Problem details
The reply should contain every entry exactly as given, with no pictures in it.

[Data records]
=== Section Start ===
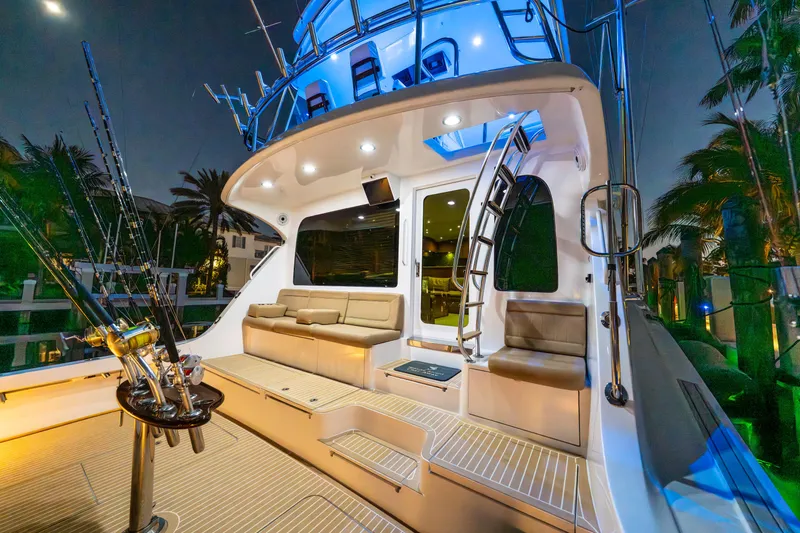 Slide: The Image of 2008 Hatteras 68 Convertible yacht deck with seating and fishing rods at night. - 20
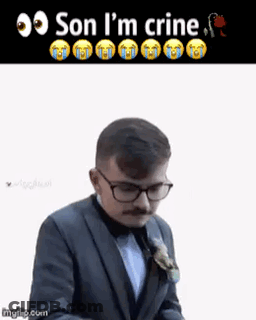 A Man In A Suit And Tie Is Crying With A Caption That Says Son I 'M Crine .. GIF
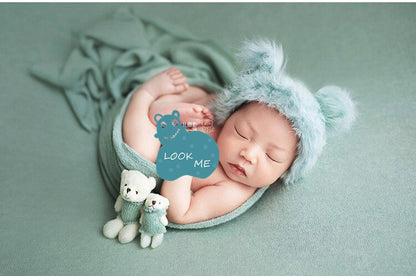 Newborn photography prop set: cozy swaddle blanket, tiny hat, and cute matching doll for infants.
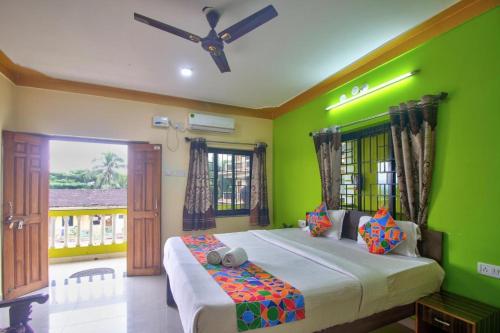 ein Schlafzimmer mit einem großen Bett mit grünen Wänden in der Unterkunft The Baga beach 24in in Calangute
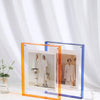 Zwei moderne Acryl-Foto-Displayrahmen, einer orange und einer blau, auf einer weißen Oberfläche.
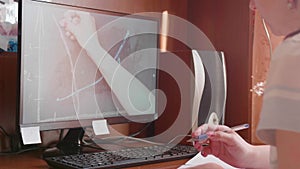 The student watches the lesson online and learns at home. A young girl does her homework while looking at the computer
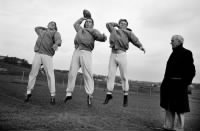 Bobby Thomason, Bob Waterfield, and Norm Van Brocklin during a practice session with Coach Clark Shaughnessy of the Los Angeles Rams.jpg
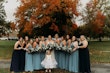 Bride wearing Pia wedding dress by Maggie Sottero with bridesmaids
=== Section End ===
Result of the task
 Slide: The Image of 2008 Hatteras 68 Convertible yacht deck with seating and fishing rods at night. - 20
 A Man In A Suit And Tie Is Crying With A Caption That Says Son I 'M Crine .. GIF
 Newborn photography prop set: cozy swaddle blanket, tiny hat, and cute matching doll for infants.
 ein Schlafzimmer mit einem großen Bett mit grünen Wänden in der Unterkunft The Baga beach 24in in Calangute
 Zwei moderne Acryl-Foto-Displayrahmen, einer orange und einer blau, auf einer weißen Oberfläche.
 The student watches the lesson online and learns at home. A young girl does her homework while looking at the computer
 Bobby Thomason, Bob Waterfield, and Norm Van Brocklin during a practice session with Coach Clark Shaughnessy of the Los Angeles Rams.jpg
 Bride wearing Pia wedding dress by Maggie Sottero with bridesmaids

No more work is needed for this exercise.